Кожа души. — Подобно тому, как кости, мышцы, внутренние органы и кровеносные сосуды заключены в оболочку из кожи, которая придаёт человеку сносный вид, душевные движения и страсти тоже окружены оболочкою тщеславия: оно являет собою кожу души.
Сон добродетели. — Поспав, добродетель встанет освежённой.
Изощрённость стыда. — Люди не стыдятся иметь грязные мысли, но им стыдно думать, что их считают способными на такие грязные мысли.
Злоба — качество редкое. — Большинство людей слишком сильно заняты собою, чтобы проявлять злобу.
Стрелка весов. — Люди хвалят или хулят смотря по тому, хвала или хула дадут им больше возможности блеснуть умственными способностями.
Лука 18, 14 в исправленном виде. — Унижающий себя хочет возвыситься.
Предотвращение самоубийства. — Существует право, по которому мы отнимаем у человека жизнь, но нет права, по которому мы могли бы отнять у него смерть: это всего лишь жестокость.
Тщеславие. — Доброе мнение людей важно для нас, во-первых, потому что люди нам полезны, во-вторых, потому что мы хотим доставить им радость (дети — родителям, ученики — учителям, доброжелательные люди вообще — всем остальным людям). О тщеславии мы говорим лишь тогда, когда доброе мнение людей важно кому-то не ради своей выгоды или собственного желания доставить радость. В таком случае человек хочет доставить радость себе, но за счёт ближних, либо подбивая их к ложному мнению о себе, либо даже покушаясь на такую степень «доброго мнения», чтобы оно стало неприятным для всех других (путём возбуждения зависти).
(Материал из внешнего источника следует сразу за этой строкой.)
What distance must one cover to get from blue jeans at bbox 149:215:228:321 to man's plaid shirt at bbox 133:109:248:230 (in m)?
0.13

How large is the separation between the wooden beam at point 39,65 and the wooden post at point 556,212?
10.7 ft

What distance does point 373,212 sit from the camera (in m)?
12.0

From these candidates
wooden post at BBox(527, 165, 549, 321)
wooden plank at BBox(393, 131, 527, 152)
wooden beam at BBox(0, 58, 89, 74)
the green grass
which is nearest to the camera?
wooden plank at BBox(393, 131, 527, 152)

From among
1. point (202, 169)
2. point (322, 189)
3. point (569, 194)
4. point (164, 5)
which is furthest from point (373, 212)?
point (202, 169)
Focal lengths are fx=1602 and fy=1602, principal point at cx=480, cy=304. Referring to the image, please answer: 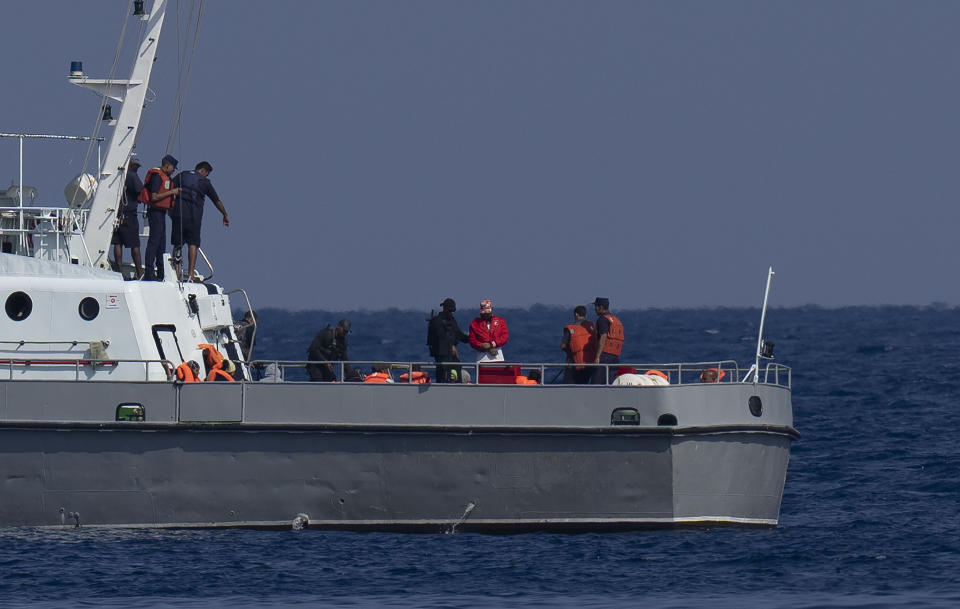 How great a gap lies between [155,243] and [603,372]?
217 inches

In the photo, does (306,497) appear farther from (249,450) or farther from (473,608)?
(473,608)

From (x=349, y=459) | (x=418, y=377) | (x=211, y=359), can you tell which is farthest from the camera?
(x=418, y=377)

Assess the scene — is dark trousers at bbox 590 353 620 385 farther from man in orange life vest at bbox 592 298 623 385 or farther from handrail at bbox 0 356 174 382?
handrail at bbox 0 356 174 382

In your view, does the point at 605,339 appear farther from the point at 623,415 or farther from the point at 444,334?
the point at 444,334

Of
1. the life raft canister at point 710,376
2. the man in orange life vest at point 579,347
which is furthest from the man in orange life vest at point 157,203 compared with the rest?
the life raft canister at point 710,376

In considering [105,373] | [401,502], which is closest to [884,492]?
[401,502]

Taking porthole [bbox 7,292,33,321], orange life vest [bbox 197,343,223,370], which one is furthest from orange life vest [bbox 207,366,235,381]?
porthole [bbox 7,292,33,321]

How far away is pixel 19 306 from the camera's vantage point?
58.7 feet

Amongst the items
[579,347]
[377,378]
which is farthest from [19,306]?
[579,347]

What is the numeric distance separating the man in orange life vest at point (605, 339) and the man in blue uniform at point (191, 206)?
471 cm

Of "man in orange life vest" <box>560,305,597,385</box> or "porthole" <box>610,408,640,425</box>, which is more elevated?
"man in orange life vest" <box>560,305,597,385</box>

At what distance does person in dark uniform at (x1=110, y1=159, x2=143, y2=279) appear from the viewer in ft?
62.7

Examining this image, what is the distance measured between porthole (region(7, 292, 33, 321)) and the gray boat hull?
1.20 meters

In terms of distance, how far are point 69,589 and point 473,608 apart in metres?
3.74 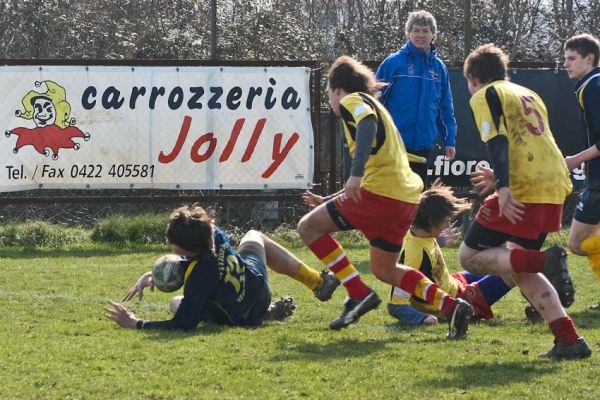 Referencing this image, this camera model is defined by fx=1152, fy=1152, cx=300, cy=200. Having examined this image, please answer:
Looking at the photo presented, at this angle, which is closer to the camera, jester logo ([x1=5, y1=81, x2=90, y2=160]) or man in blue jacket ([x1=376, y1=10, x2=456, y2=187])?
man in blue jacket ([x1=376, y1=10, x2=456, y2=187])

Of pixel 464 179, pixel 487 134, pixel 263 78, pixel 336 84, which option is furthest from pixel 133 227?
pixel 487 134

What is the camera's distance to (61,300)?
8.21 m

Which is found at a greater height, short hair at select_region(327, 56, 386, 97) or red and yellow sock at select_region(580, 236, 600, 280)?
short hair at select_region(327, 56, 386, 97)

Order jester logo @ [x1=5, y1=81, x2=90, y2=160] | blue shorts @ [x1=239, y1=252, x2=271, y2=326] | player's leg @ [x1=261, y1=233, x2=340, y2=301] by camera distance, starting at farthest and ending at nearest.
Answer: jester logo @ [x1=5, y1=81, x2=90, y2=160] → player's leg @ [x1=261, y1=233, x2=340, y2=301] → blue shorts @ [x1=239, y1=252, x2=271, y2=326]

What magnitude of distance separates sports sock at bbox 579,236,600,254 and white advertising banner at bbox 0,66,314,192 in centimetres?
532

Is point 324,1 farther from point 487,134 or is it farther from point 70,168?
point 487,134

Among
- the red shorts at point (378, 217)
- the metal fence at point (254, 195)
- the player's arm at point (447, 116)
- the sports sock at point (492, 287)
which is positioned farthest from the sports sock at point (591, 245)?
the metal fence at point (254, 195)

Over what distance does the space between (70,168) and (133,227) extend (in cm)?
96

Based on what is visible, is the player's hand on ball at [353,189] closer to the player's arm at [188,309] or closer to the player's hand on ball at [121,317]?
the player's arm at [188,309]

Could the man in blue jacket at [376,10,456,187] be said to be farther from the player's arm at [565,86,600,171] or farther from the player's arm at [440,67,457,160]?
the player's arm at [565,86,600,171]

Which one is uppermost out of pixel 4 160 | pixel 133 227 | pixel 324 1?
A: pixel 324 1

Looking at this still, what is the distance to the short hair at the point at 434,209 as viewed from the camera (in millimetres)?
7348

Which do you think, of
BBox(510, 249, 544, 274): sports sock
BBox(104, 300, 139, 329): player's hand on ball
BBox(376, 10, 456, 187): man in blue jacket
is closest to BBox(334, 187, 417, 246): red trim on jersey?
BBox(510, 249, 544, 274): sports sock

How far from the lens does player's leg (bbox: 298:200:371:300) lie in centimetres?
662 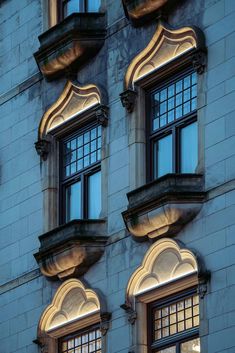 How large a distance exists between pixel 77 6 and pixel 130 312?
7468 mm

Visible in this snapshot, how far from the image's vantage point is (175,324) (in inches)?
1128

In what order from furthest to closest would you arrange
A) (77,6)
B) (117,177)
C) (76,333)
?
1. (77,6)
2. (76,333)
3. (117,177)

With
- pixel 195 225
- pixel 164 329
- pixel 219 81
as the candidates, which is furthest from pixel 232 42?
pixel 164 329

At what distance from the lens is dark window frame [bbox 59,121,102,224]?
104 ft

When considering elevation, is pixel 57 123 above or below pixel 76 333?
above

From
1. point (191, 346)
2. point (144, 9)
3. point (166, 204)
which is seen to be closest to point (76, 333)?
point (191, 346)

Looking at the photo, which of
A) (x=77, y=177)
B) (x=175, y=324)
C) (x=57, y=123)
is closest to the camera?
(x=175, y=324)

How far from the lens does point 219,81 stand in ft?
93.7

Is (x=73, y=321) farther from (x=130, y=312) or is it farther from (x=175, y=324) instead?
(x=175, y=324)

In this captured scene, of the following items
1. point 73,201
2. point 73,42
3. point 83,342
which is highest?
point 73,42

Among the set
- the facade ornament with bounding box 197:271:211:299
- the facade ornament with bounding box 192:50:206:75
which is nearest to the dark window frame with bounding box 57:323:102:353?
the facade ornament with bounding box 197:271:211:299

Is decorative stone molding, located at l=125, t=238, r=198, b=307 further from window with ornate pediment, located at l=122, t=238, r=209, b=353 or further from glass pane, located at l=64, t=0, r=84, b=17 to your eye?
glass pane, located at l=64, t=0, r=84, b=17

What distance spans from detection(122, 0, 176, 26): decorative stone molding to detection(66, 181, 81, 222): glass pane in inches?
144

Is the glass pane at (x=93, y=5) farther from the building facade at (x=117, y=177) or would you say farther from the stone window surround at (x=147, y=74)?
the stone window surround at (x=147, y=74) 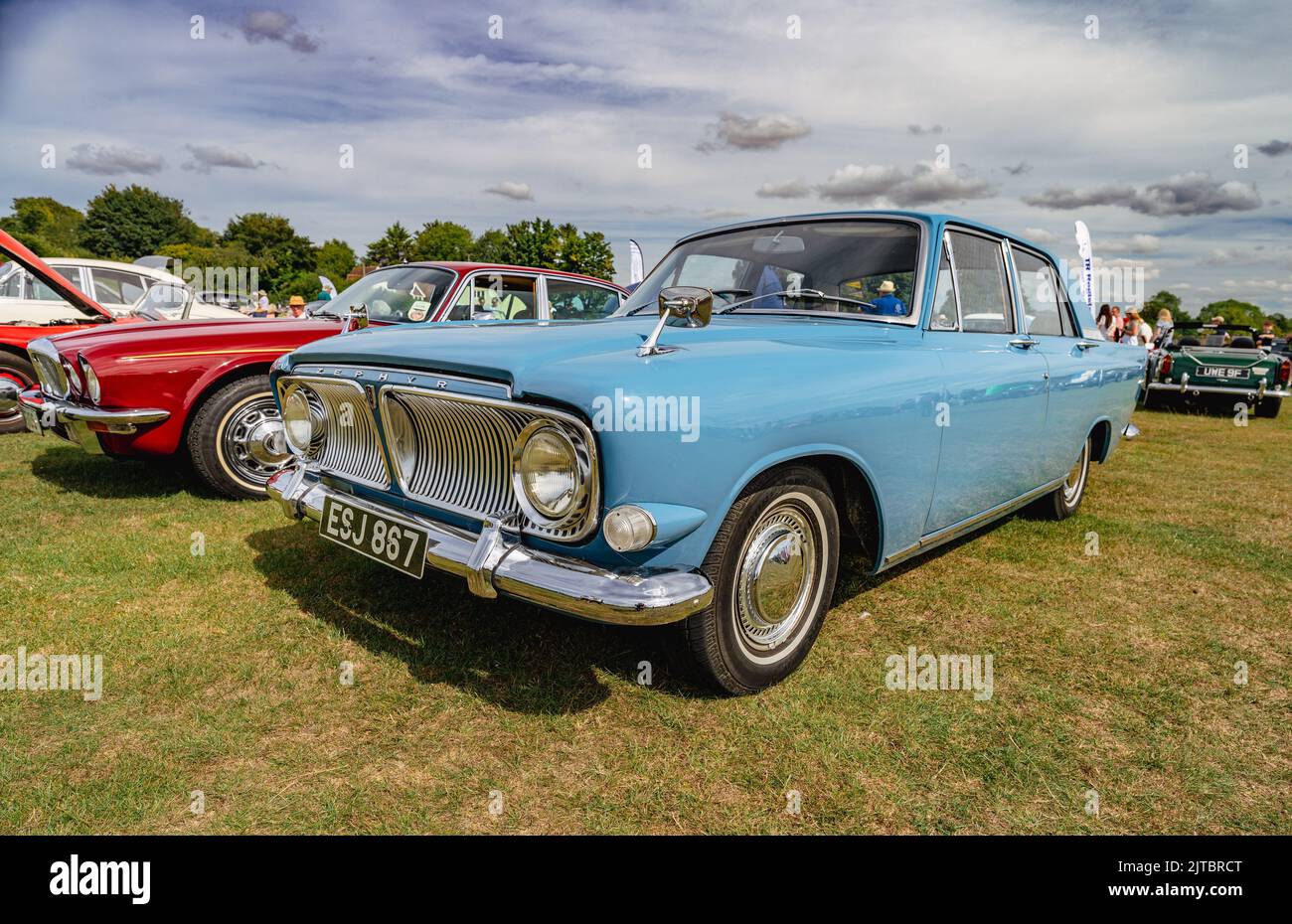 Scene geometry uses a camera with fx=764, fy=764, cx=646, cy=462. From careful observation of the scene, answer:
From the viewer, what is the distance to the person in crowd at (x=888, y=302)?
3148 mm

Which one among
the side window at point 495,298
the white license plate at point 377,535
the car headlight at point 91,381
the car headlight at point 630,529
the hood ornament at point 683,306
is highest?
the side window at point 495,298

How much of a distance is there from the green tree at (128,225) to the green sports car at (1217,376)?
86.4 m

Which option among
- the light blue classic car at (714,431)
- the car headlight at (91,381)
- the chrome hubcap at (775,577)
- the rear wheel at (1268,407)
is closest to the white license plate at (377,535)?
the light blue classic car at (714,431)

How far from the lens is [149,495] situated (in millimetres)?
4965

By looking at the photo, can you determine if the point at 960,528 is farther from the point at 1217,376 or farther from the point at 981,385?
the point at 1217,376

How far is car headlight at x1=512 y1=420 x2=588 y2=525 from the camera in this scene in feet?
7.02

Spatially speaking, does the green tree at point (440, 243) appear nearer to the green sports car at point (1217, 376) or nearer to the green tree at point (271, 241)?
the green tree at point (271, 241)

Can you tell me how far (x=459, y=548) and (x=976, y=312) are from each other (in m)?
2.62

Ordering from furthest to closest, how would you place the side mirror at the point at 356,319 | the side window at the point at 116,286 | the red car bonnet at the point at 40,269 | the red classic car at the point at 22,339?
the side window at the point at 116,286, the red classic car at the point at 22,339, the red car bonnet at the point at 40,269, the side mirror at the point at 356,319

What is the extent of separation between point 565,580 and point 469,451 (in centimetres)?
65

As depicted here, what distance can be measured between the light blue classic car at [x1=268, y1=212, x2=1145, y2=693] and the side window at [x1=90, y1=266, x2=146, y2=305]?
7427 millimetres

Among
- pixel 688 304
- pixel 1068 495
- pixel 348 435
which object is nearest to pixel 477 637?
pixel 348 435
Через мнение других человек обыкновенно хочет удостовериться в своём мнении о себе и утвердить его в собственных глазах; но властная привычка к авторитету — привычка старая, как само человечество, — побуждает многих и к тому, чтобы подпирать авторитетом собственную веру в себя, то есть получать её только из чужих рук: чужому уму они доверяют больше, чем собственному. — Заинтересованность в себе самом, желание развлечься достигает у человека тщеславного такой силы, что он подбивает других к ложной, завышенной оценке себя, но потом всё-таки опирается на авторитет других: иными словами, вводит в заблуждение, но тем не менее в него верит. — Стало быть, надо признать, что люди тщеславные стремятся понравиться не столько другим, сколько себе, и заходят в этом так далеко, что пренебрегают при этом своей
Предел гуманности. — Всякий, кто выразил мнение, что другой — глупец, скверный товарищ, злится, когда тот в конце концов доказывает, что не таков.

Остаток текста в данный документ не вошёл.